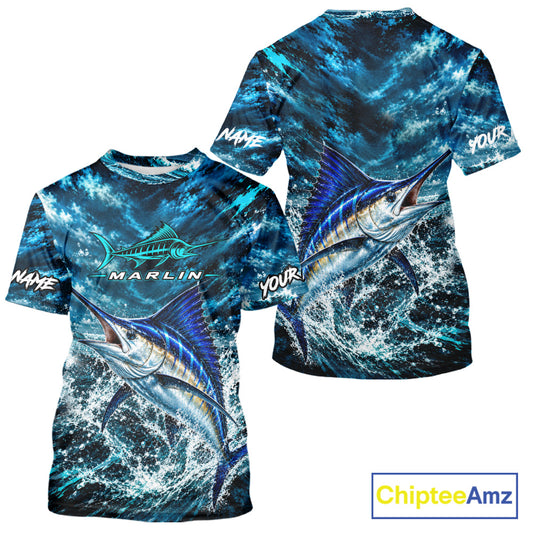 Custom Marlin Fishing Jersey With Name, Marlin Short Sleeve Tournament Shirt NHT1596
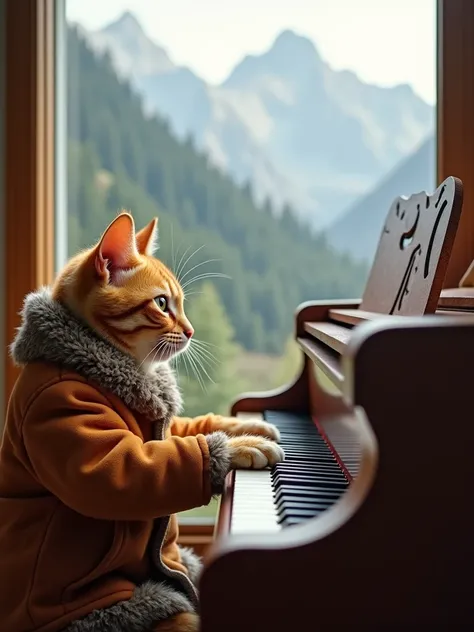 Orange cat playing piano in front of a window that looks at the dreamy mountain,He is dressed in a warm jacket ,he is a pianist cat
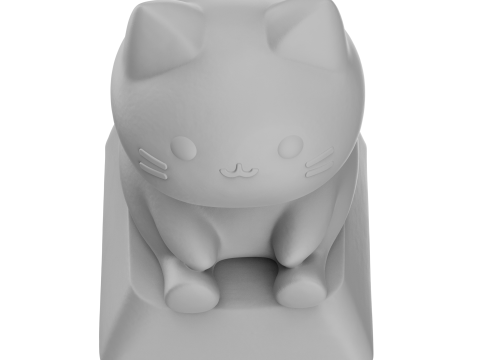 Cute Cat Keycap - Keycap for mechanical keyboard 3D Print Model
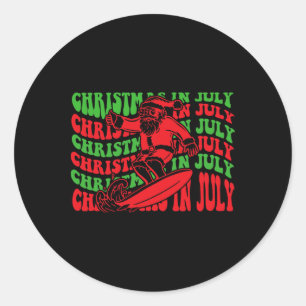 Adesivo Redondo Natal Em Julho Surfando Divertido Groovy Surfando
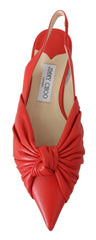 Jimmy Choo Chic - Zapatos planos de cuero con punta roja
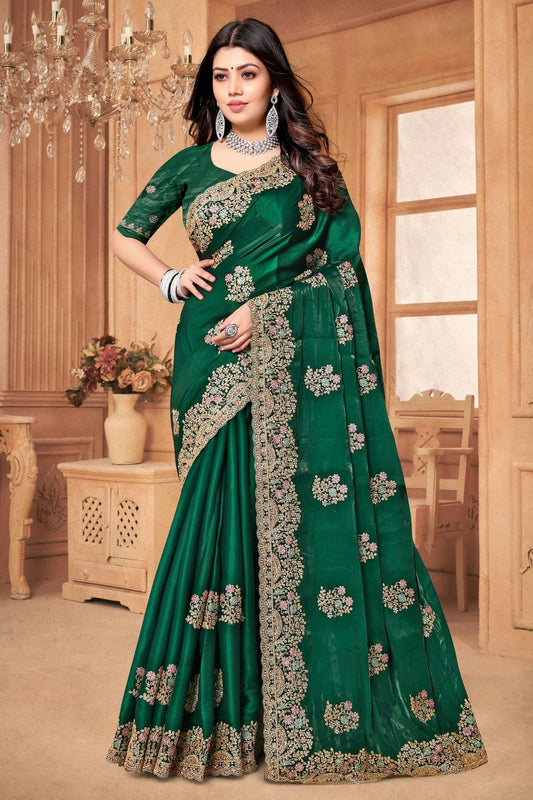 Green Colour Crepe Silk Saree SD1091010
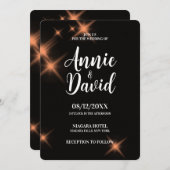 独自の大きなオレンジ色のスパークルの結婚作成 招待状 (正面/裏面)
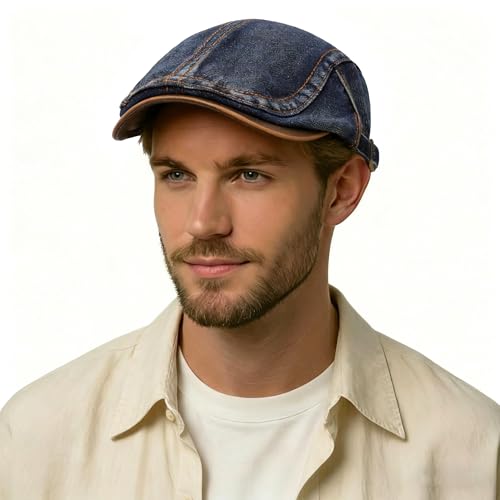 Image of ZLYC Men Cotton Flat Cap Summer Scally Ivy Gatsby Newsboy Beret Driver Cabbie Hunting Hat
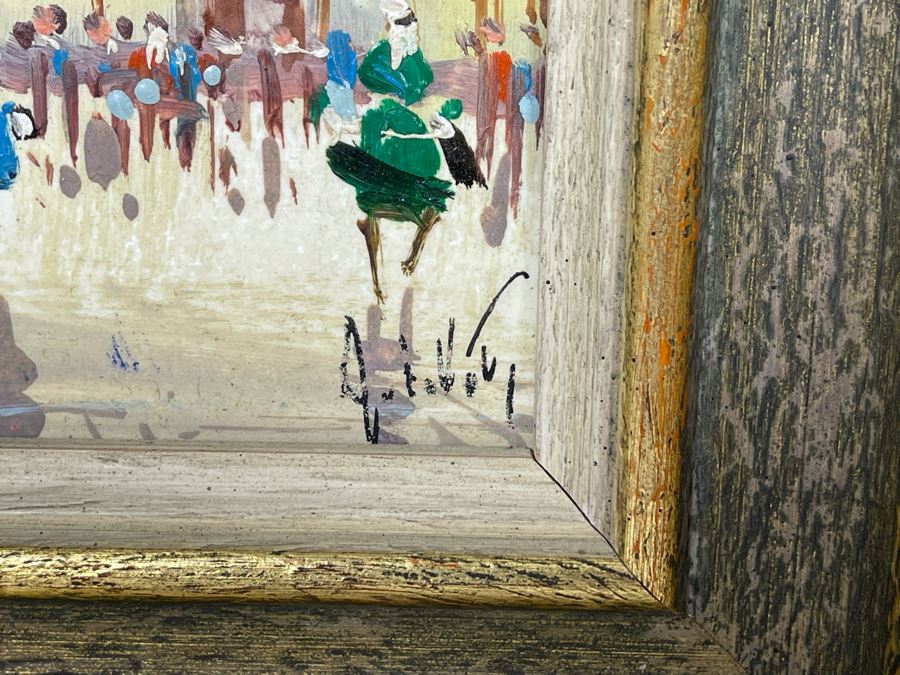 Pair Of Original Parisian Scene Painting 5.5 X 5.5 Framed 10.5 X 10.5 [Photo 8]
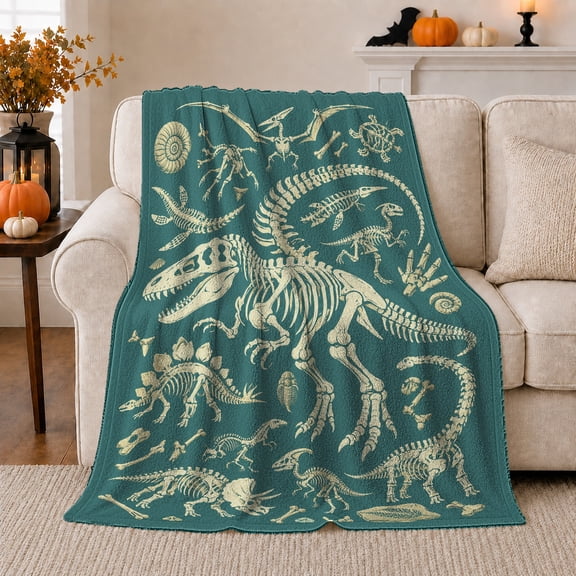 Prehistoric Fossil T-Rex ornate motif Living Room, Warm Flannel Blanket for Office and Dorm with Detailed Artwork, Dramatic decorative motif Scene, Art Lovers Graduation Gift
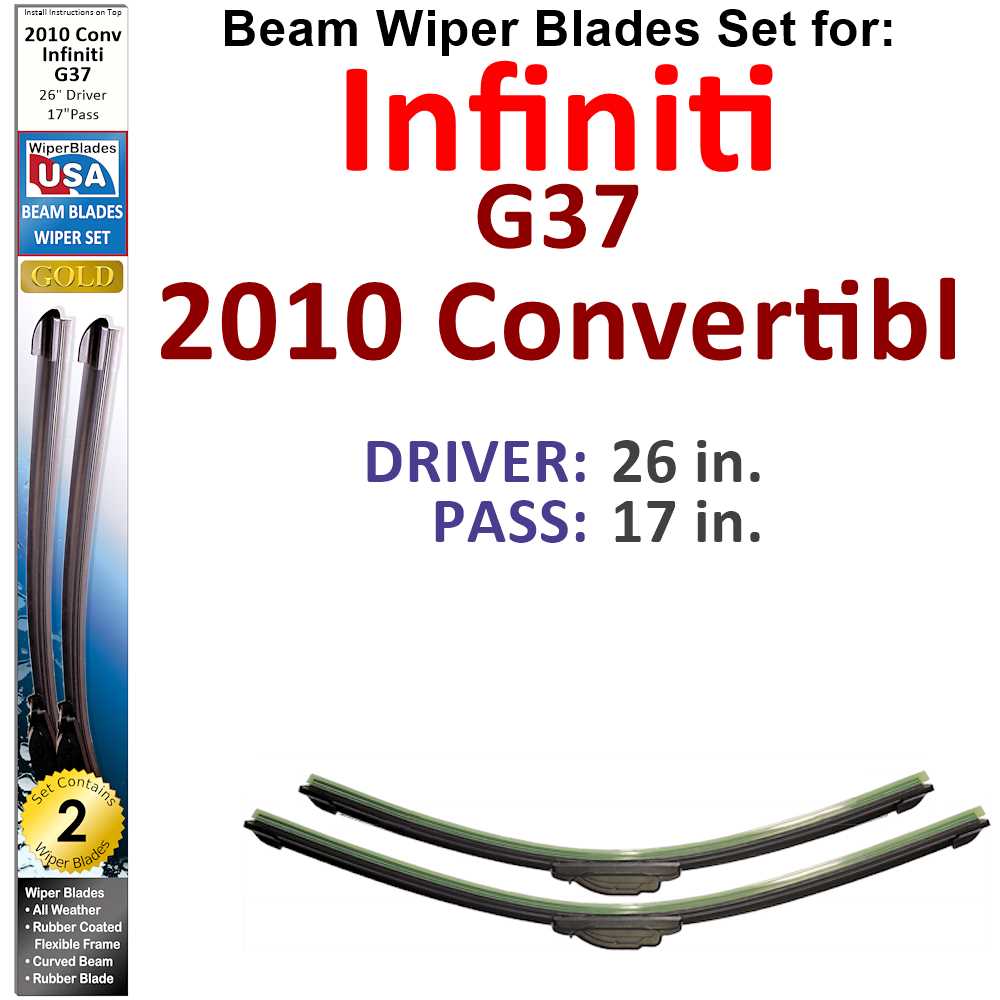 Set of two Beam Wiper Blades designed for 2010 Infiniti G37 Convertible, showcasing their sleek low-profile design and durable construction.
◇ ◇ ◇
Try it: Skip the pictures and copy exactly the lines from the one containing "Jimmy Choo Chic" through the end of the material, both ends included.

Task solution:
 Jimmy Choo Chic - Zapatos planos de cuero con punta roja
 Green Colour Crepe Silk Saree SD1091010
 独自の大きなオレンジ色のスパークルの結婚作成 招待状 (正面/裏面)
 Image of ZLYC Men Cotton Flat Cap Summer Scally Ivy Gatsby Newsboy Beret Driver Cabbie Hunting Hat
 Pair Of Original Parisian Scene Painting 5.5 X 5.5 Framed 10.5 X 10.5 [Photo 8]
 Prehistoric Fossil T-Rex ornate motif Living Room, Warm Flannel Blanket for Office and Dorm with Detailed Artwork, Dramatic decorative motif Scene, Art Lovers Graduation Gift
 Set of two Beam Wiper Blades designed for 2010 Infiniti G37 Convertible, showcasing their sleek low-profile design and durable construction.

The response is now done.